Özetle, teknoloji ve IT yatırımı yapmak ciddi bilgi ve araştırma gerektirir. Bu araştırma ve analizleri firmalar öncelikle kendi içlerinde yapmalıdırlar. (Kaynağınız varsa danışmanlık hizmeti de alınabilir) Başlangıçta yapılması gereken en önemli iş gerçekçi bir ihtiyaç analizi ve bu analize dayanacak fayda-maliyet analizi çalışması yapmaktır. Elde edeceğiniz operasyonel verimlilik artışını finansal değerlerle savunabilmeniz gerekir. Bu çalışmalar sırasında firmaların yapması gereken diğer önemli bir araştırma da piyasada benzer yatırımlar yapmış firmaların tecrübelerinden yararlanmaktır. Ülkemiz bilişim teknolojileri açısından ağırlıklı olarak tüketici ülke konumundadır. Teknoloji çözümleri sunan firmaların en önemli hedefi temsil ettikleri yabancı firmaların ürünlerini satmaktır. İhtiyaçlarınızın doğru analizini yapamaz ve yatırımlarınızı gerçekçi fizibilite hesaplarına dayandırmazsanız hiç ummadığınız maliyetlerle karşılaşır ve beklediğiniz finansal getiriyi elde edemezsiniz.

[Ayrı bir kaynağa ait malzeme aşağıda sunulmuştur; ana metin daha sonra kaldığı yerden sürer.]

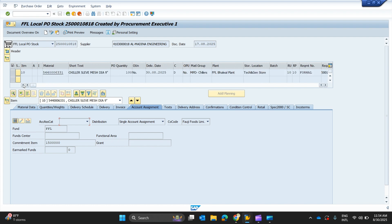All the basic information related to this purchase order is visible here — material code, quantities, material groups, plant, storage location, purchase requisition number, purchase requisition item, etc. All this information is retrieved from a purchase requisition that was created and then converted into a purchase order after getting different quotations and comparative statements.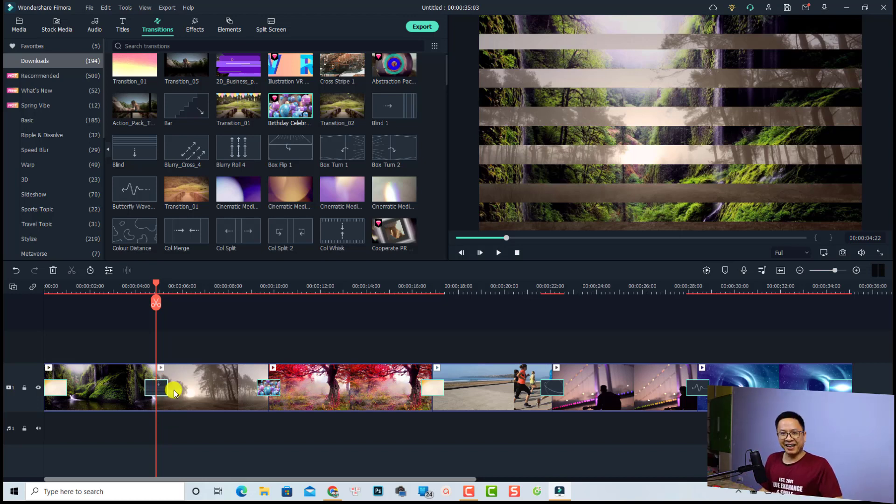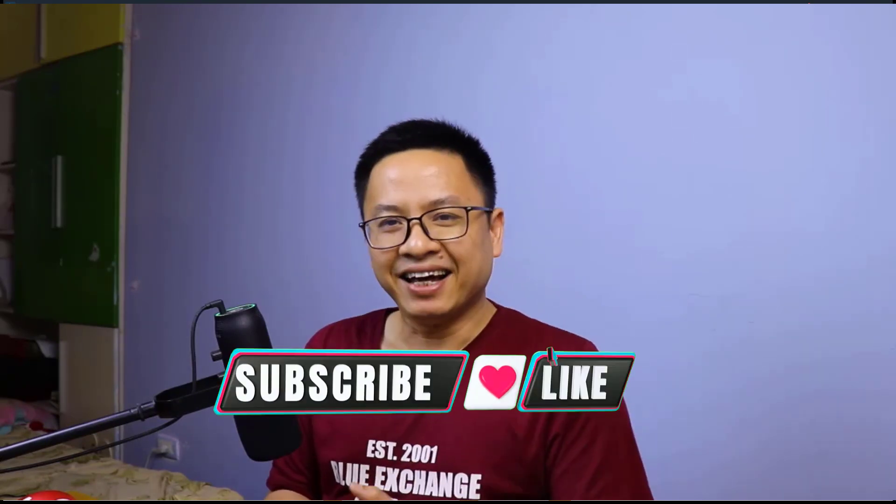That's how to add one transition effect to different split points in your clips with Filmora 11, and also how to add a random transition effect to your video clips on the timeline. I hope this tutorial is helpful. If you have any more questions, let me know in the comments below. If you're new here, consider subscribing for more videos like this. Thank you very much for watching — see you in my next video, goodbye!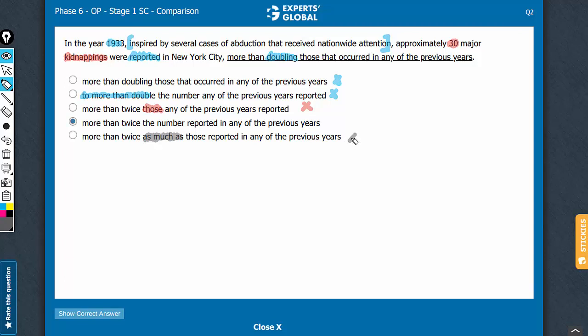Let's confirm choice D. In the year 1933, inspired by something that's extra information, approximately 30 major kidnappings were reported. So, kidnappings were reported, and these 30 kidnappings were more than twice... And the buzzword, the most important term here is 'the number.' This phrase ensures that a number is being compared with another number.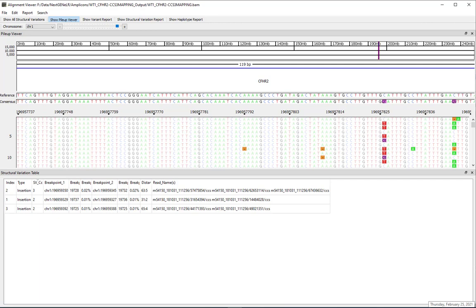Below the pileup viewer, a report pane is shown. The structural variation report, variant report, and haplotype report can each be shown in this pane based on which report is selected for display. The default report shown when a sample is first opened is the structural variation report. The chromosome drop-down menu also determines which chromosome is displayed for the report.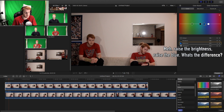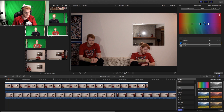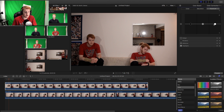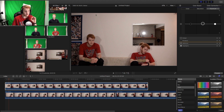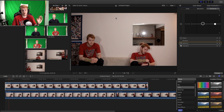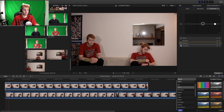We have to go under Exposure. Now we want to grab the mid-tones — not too much — until it looks very close. See, already right now it's perfect. We don't need to modify it any more than this.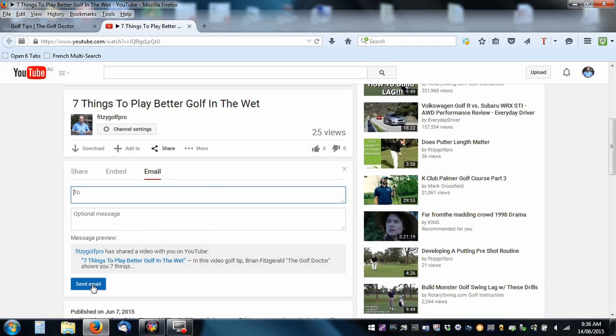And that's all there is to sharing a video. So it's quite a simple process. And you can do this not just with my videos, with any video. If you ever see anything on YouTube that you like and you want to share with a friend, that's how you do it.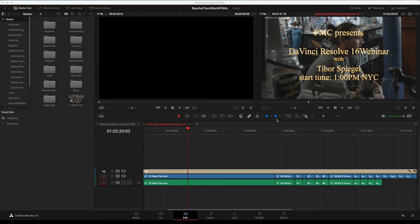Welcome to the DaVinci Resolve 16 webinar. This is a 40-minute presentation by Future Media Concepts. My name is Tibor Spiegel and we are starting right now.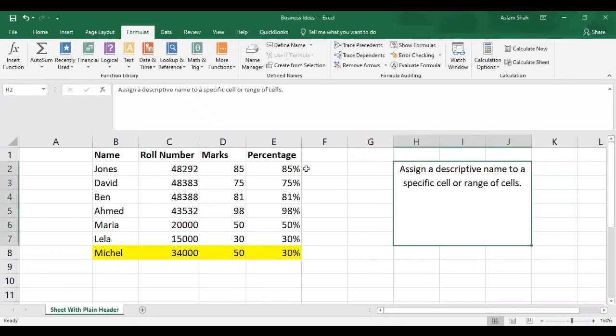Hello friends, today we are going to discuss how to name different ranges and how to use those ranges in Excel.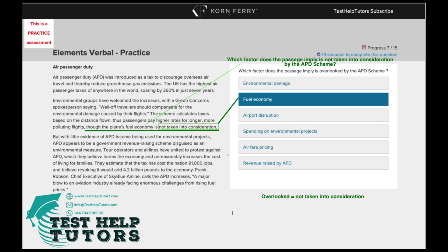I hope you've had a go. Which factor does the passage imply is overlooked by the APD scheme?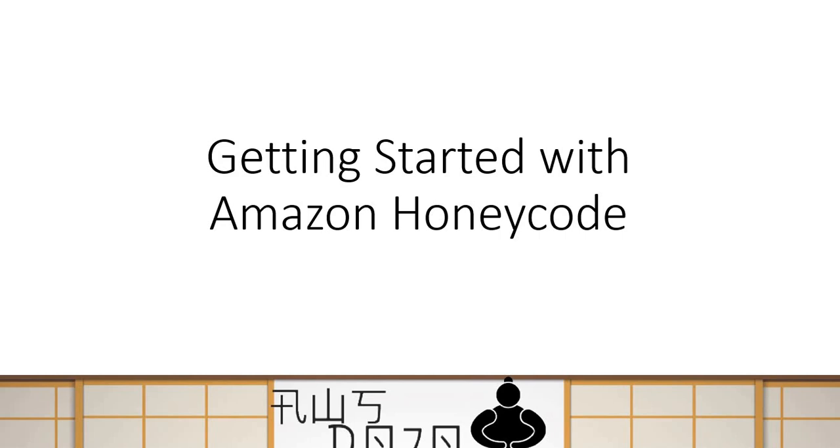Today, we are going to talk about Amazon Honeycode. It is a service which is recently launched, I think a couple of weeks back by AWS and it is used to build mobile and web applications without writing even a single line of code. So let's learn about it.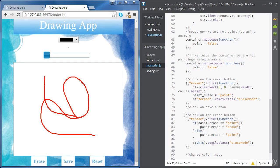Now we are going to move to the code to execute once we click on the save button. We want to be able to click on this button and save our work for the next time we open the app. To do that, we're going to use the HTML5 local storage. Using local storage, we can store some data on the user's browser.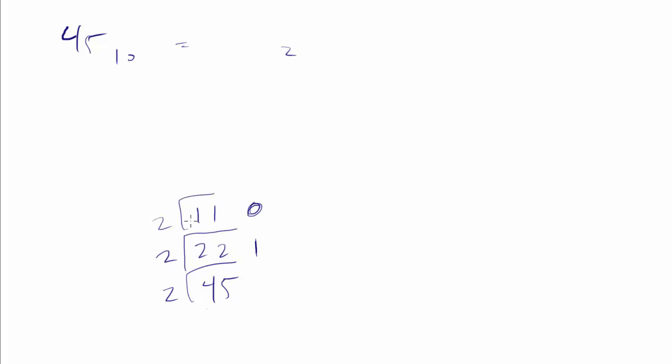How many times does 2 go into 11? It goes in 5 times. With the remainder of what? Well, it's going to go in with a remainder of 1. 2 times 5 is 10, we need one more to get to 11, so there's a remainder of 1.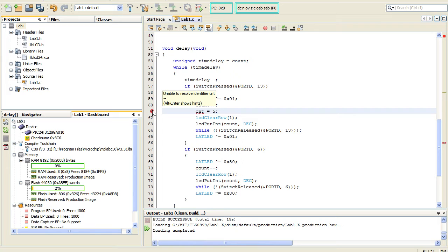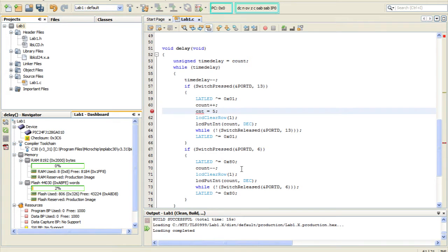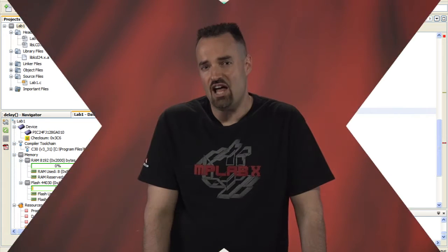In this case, it says that it's unable to resolve the identifier. The parser will do this for any unidentified identifier, such as an incorrect function name or perhaps an undefined pound define statement.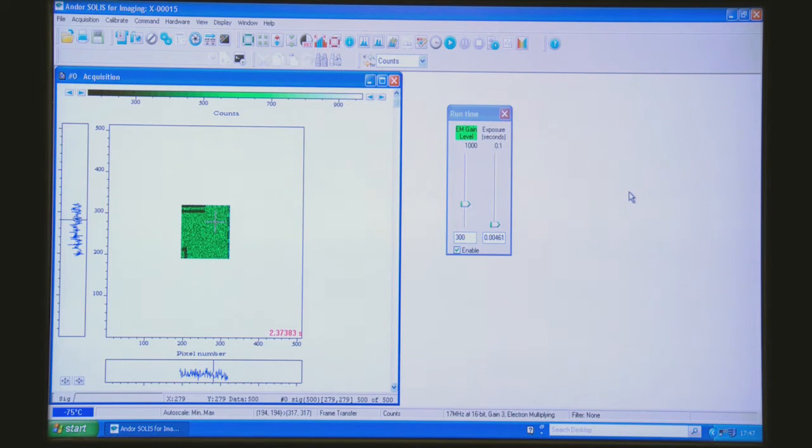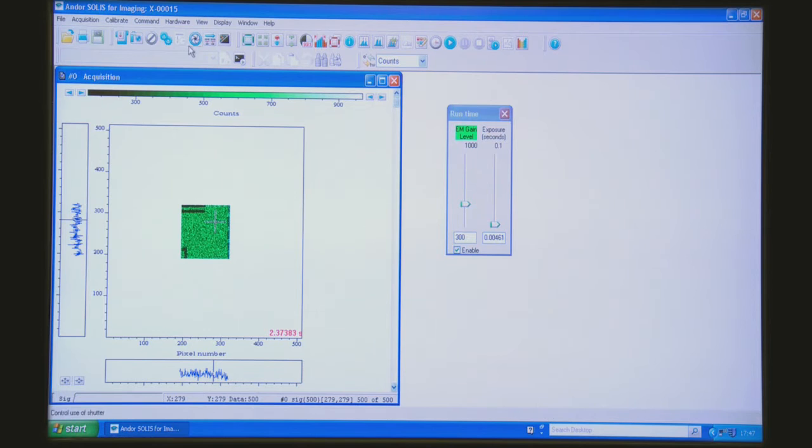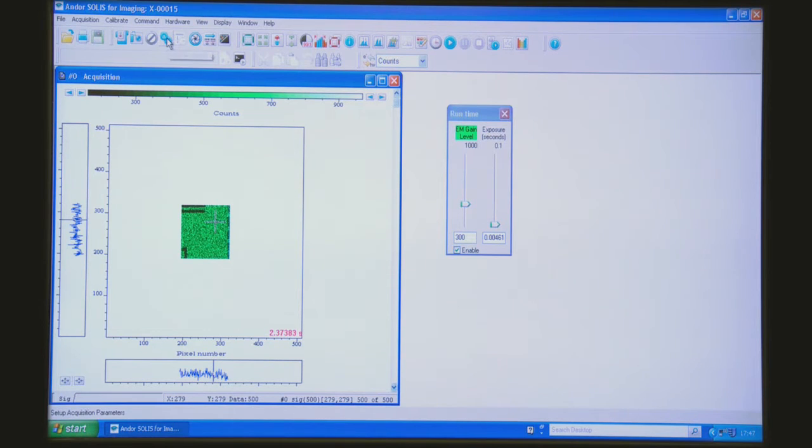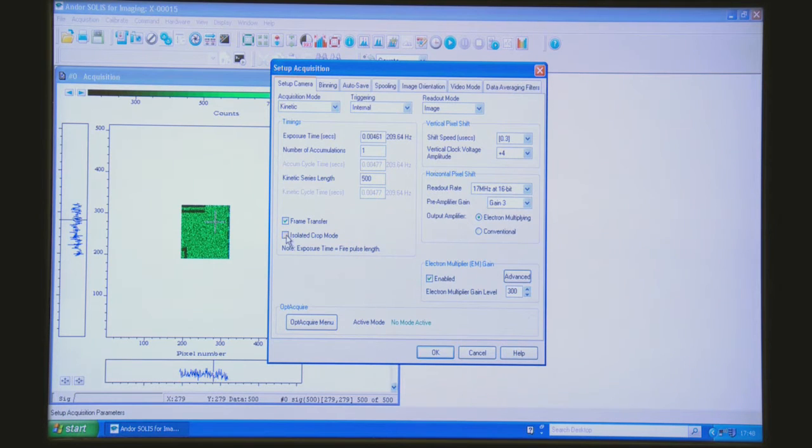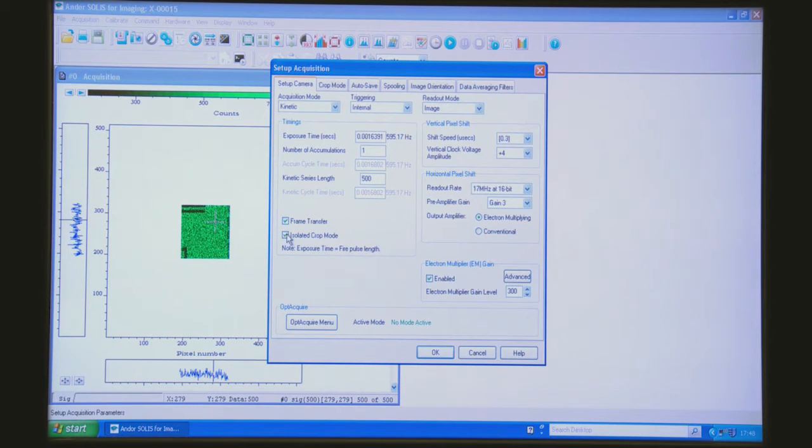Now there's one further trick which we can talk about to boost the frame rates even further and that is a mode called crop mode. We click on this, a new tab appears.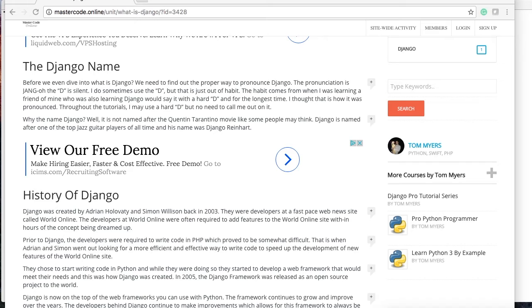And it was named after a famous jazz player, Django Reinhardt. Now the history of Django: Django was created by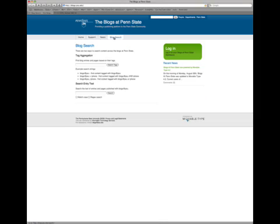So using the Blog Search on the blogs.psu.edu page, I can go and I can use the tag that we would have set up with the class. In this case, let's use IST 110. And so all of your students presumably are writing and they're using this tag with their posts.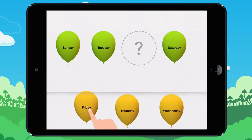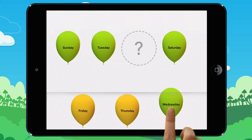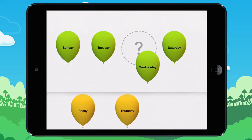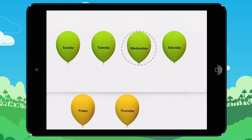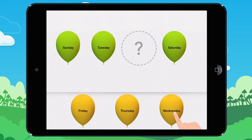Move the right day of the week to continue the pattern. Let's look at it together.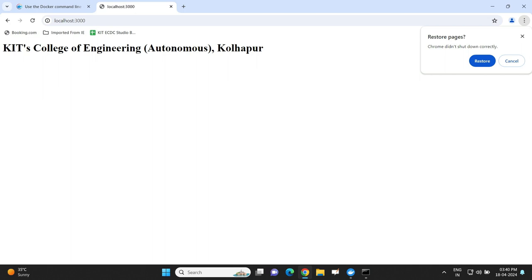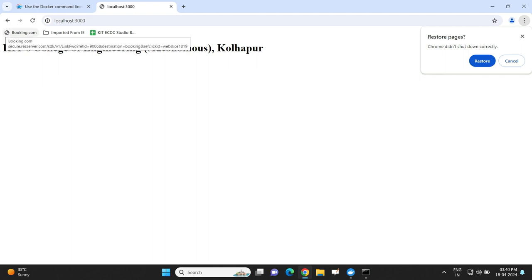Whatever modifications we make inside the container are reflected in the browser. This is how you can use the CLI to interact with the container, update files inside it, and put your own HTML files so that the httpd service provides access to those pages via the web. I hope you got this content. In the next video we will see a few more facilities using the CLI as well as the GUI of Docker Desktop. Thank you.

Anlayana çok güzel bir yazı. Yanlış IT yatırımlarının ve havaya giden milyonlarca doların Örneklerini geçmişde özellikle hızlı büyüyen firmalarda canlı olarak yaşadık. Teknolojik yatırımlar aynı zamanda bunu kabullenip operasyonun içine katabilecek yetkin personelde gerektirir.